I know tomorrow I will start a whole new week of firsts but… today, I took down the crib.

Crib-Take-Down

What were some of your sweet memories of your baby’s room?

About The Author

Trisha

Founder & author of the parenting & lifestyle blog, Poms2Moms. Lover of Jesus, farm life, and healthy living… but baking some dang good cakes while doing it! Find me writing about my relationship with Christ, my lineman husband, and adventures as a veteran 2-under-2 momma. Cheers! – Trisha

7 COMMENTS

  1. Liz Chapman | 5th Jul 18

    It’s so hard when our little babies grow up on us! It’s usually us that isn’t ready and not our sweet little ones <3

  2. Jenny | 6th Jul 18

    I will always remember Rachel’s preferred way of sleeping in her crib and the precious pictures you took from the monitor! 😂🍑

  3. Julie Plagens | 6th Jul 18

    Oh, I understand how you feel. I remember taking down the crib with our last child. It was really hard. Get this. Today I sent off my 23 old to Denver. I live in Texas. My baby left home for good. Each milestone is exciting but hard. I have been crying all day.

  4. Lorie | 6th Jul 18

    My little guy is only 9 months and I feel like I’m already feeling the ‘please don’t grow up’ every single day. I love each new phase but I want him in a crib forever 😭

  5. Kayla | 6th Jul 18

    I know how you feel! It’s always so hard closing the door on the baby stage! We just had our fourth and last baby at the end of April, and I know his time around is going to be glharder for me.
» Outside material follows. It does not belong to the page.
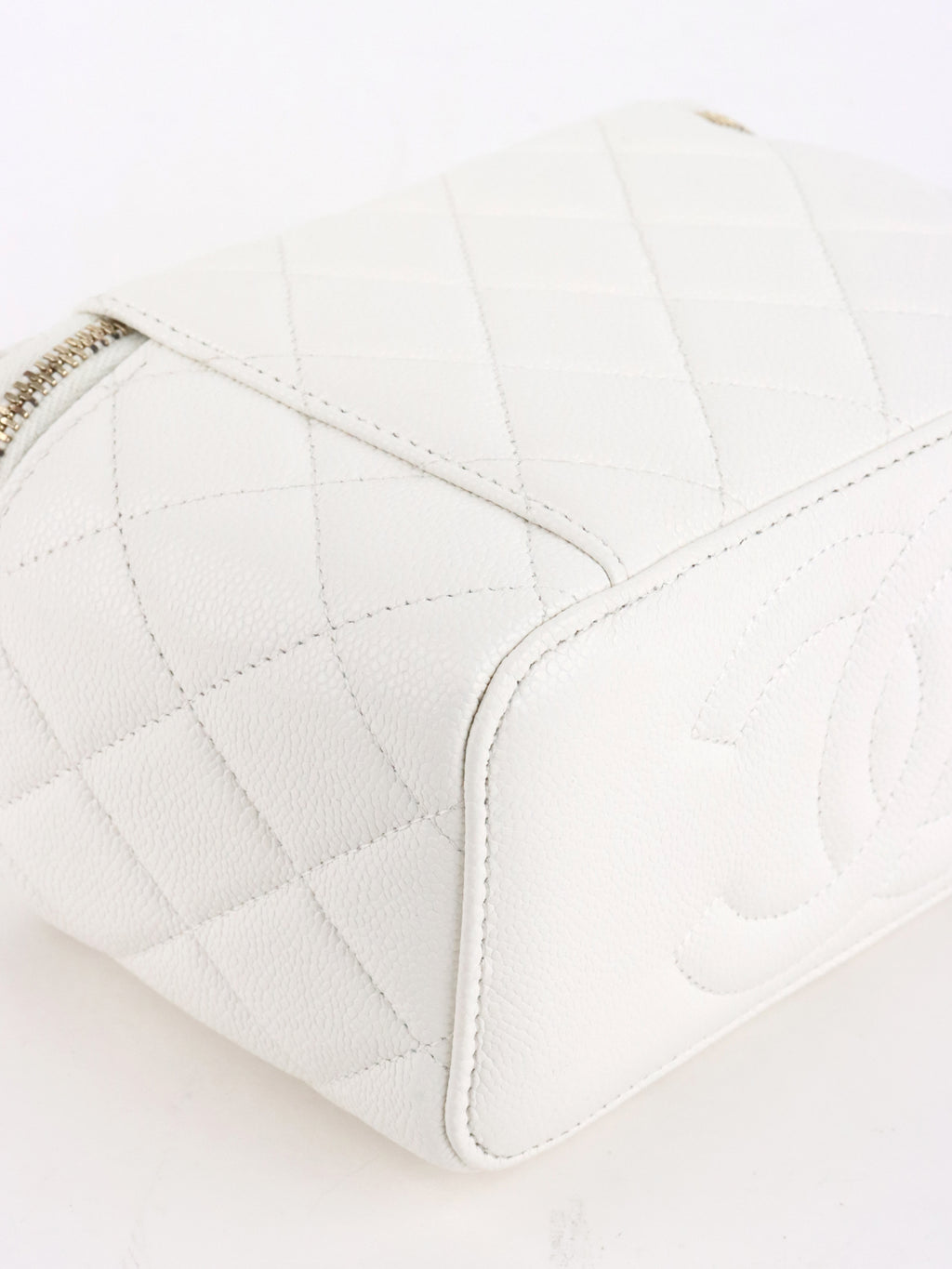 Chanel White Caviar Vanity Case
  6. Veronika | 6th Jul 18

    These little things can seem so big! Taking down the crib is a process. thank you for writing about your experience.

  7. Bethany | 8th Jul 18

    It is bittersweet watching our kids grow. We have 4 kids and we are done, so each milestone my baby hits makes me sad but then I watch my older kids hit exciting milestones.. parenting is so bittersweet!!